In California, criminal defendants who receive Probation as part of their sentence are allowed to remain as members of their community after serving their jail time (in some cases with probation there will be no jail time). In cases where defendants are placed on Summary Probation (informal / court probation), there is no need to report to a Probation Officer. When a person is on Summary Probation all they must to do is complete the specific terms of the probation sentence and stay out of trouble (no new criminal cases obey all laws). If a defendant is placed on Formal Probation, then he is ordered to meet with his or her assigned Probation Officer and do as requested. When a person is on Formal Probation, a defendant will report once a month to his or her Probation Officer.

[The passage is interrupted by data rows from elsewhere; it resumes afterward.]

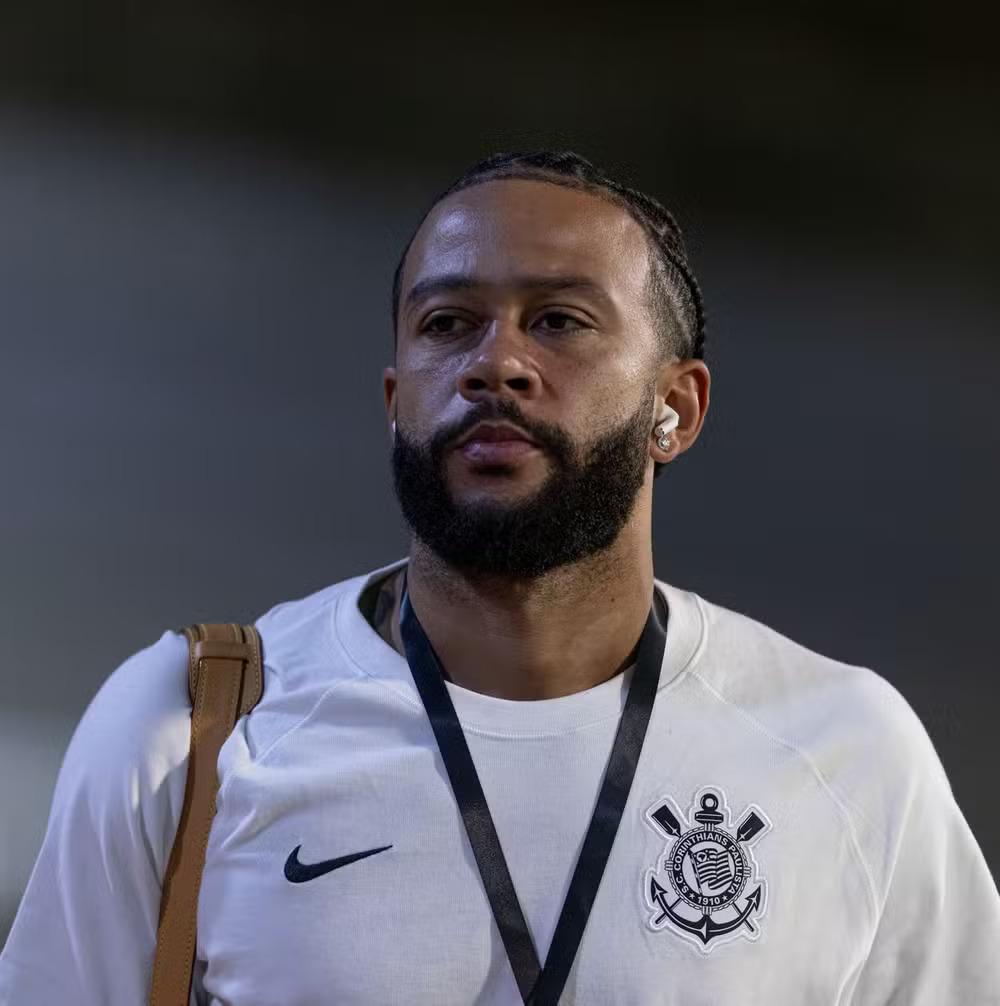 Corinthians é surpreendido por ausência não comunicada de Memphis Depay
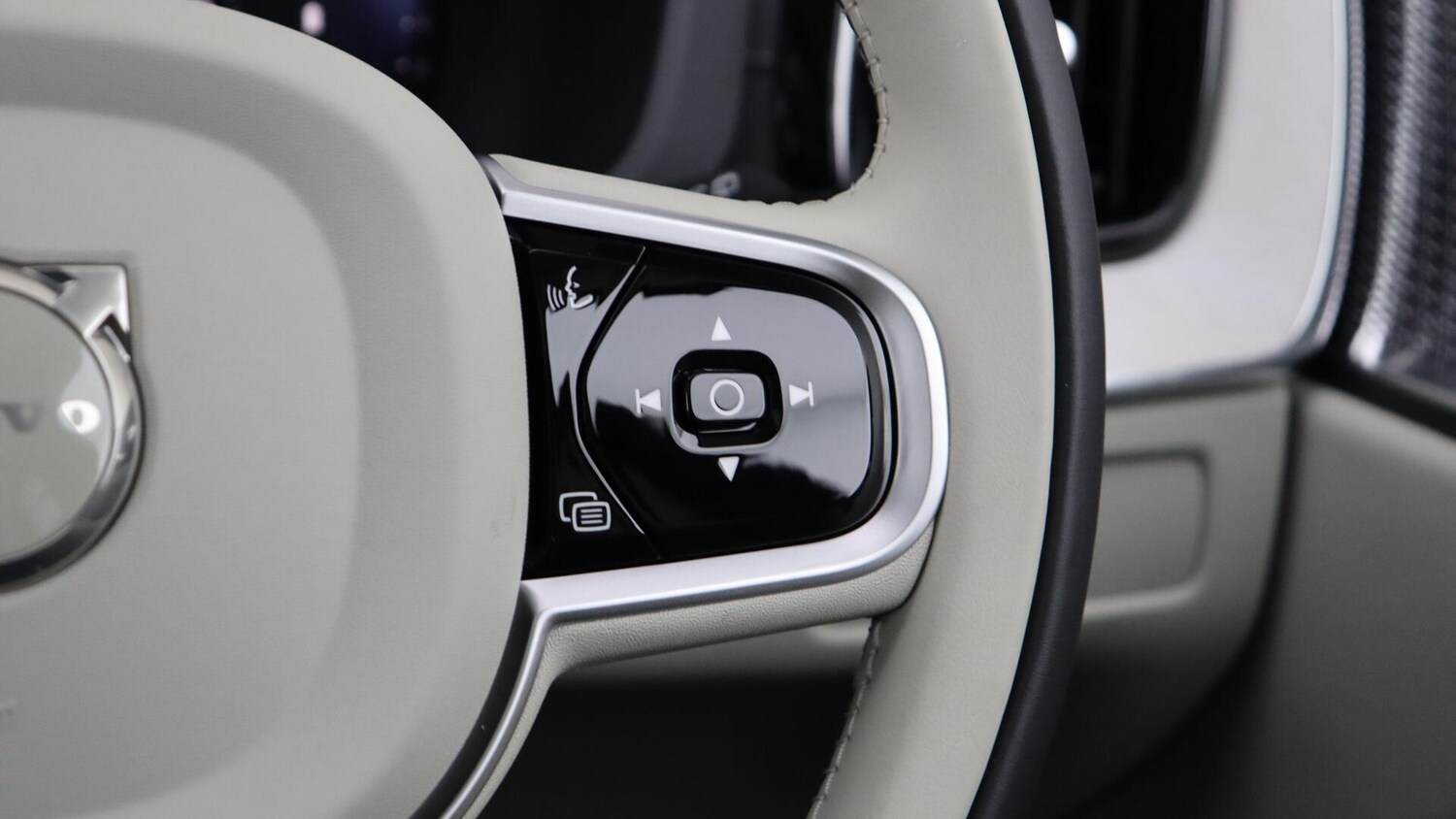 Used Volvo XC60 2025 for sale - 76032053: Photo 21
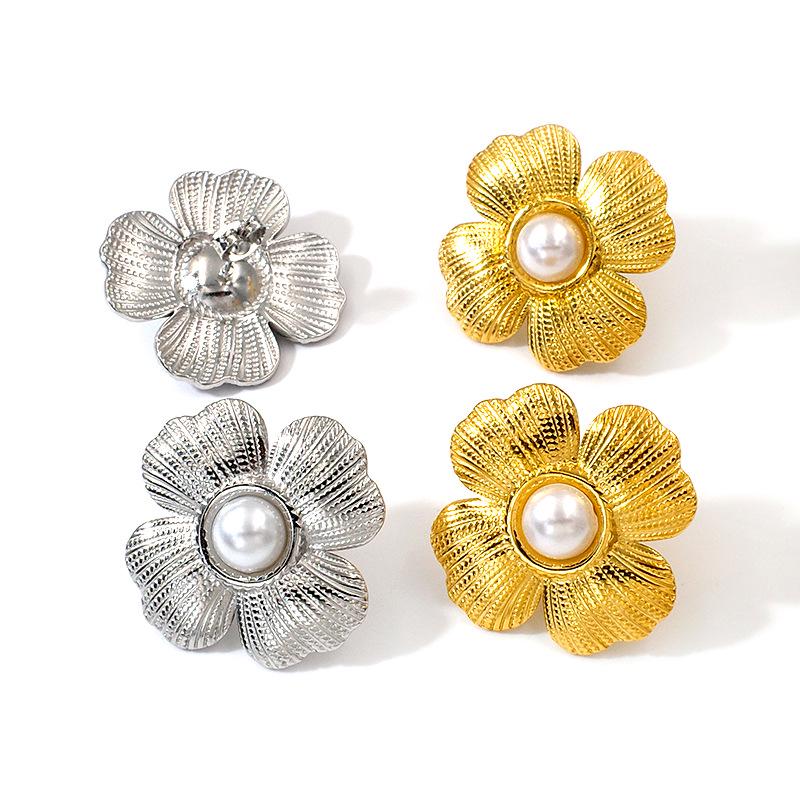 Stylish Titanium Steel Vacuum-Plated Lightweight Luxury Flower Stud Earrings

During probation (informal or formal), the defendant may be expected to do certain things, such as attend counseling, perform community service, perform physical labor or work project, undergo drug screening and random testing, pay fines and fees, and pay restitution to victims of the offenses. Generally a persons probation term is three (3) years, but can be extended in some cases involving more serious felony offenses.
What is a probation violation?
In the State of California, if a criminal defendant breaks any of the rules imposed upon him or her during the probationary period, by either the Judge or Probation Officer, his or her probation can be revoked and a probation violation could be alleged. A probation violation may be alleged for a number of reasons, including:
- Failure to pay a fine
- Failure to pay restitution to the victim of your offense
- Failure to enroll in or complete a rehabilitation program
- Failure to complete community service ordered by the court
- Failure to appear in court for probation progress report
- Failure to report to your Probation Officer as required
- Associating with known gang members, drug users, or other criminals
- Possessing illegal weapons or drugs
- Being arrested for a new offense (even if no new criminal charges are pending or filed
What are the penalties when probation is violated?
The violation of probation depends on how serious the violation is. If the probation is not serious, chances are the adult or juvenile defendant will be given a second chance and will be allowed to remain on probation under the same terms and conditions. If a more serious violation occurs, then there will likely be a violation of probation with some consequences.
If a probation violation occurs, the adult or juvenile defendant could be arrested or ordered to court, by means of official mail notification, for a probation violation hearing. At the probation violation hearing, the Prosecutor must prove the adult or juvenile defendant violated probation. If the defendant is found guilty of the probation violation, the court may impose one of several punishments including jail or prison sentences, probation term extensions, additional probation terms being imposed, additional time in custody, community service, and other severe consequences.
The outcome of your probation violation will vary, depending upon several factors considered by the Judge and Prosecutor. A skilled attorney can prepare you for the probation violation hearing, and make a difference in the final result.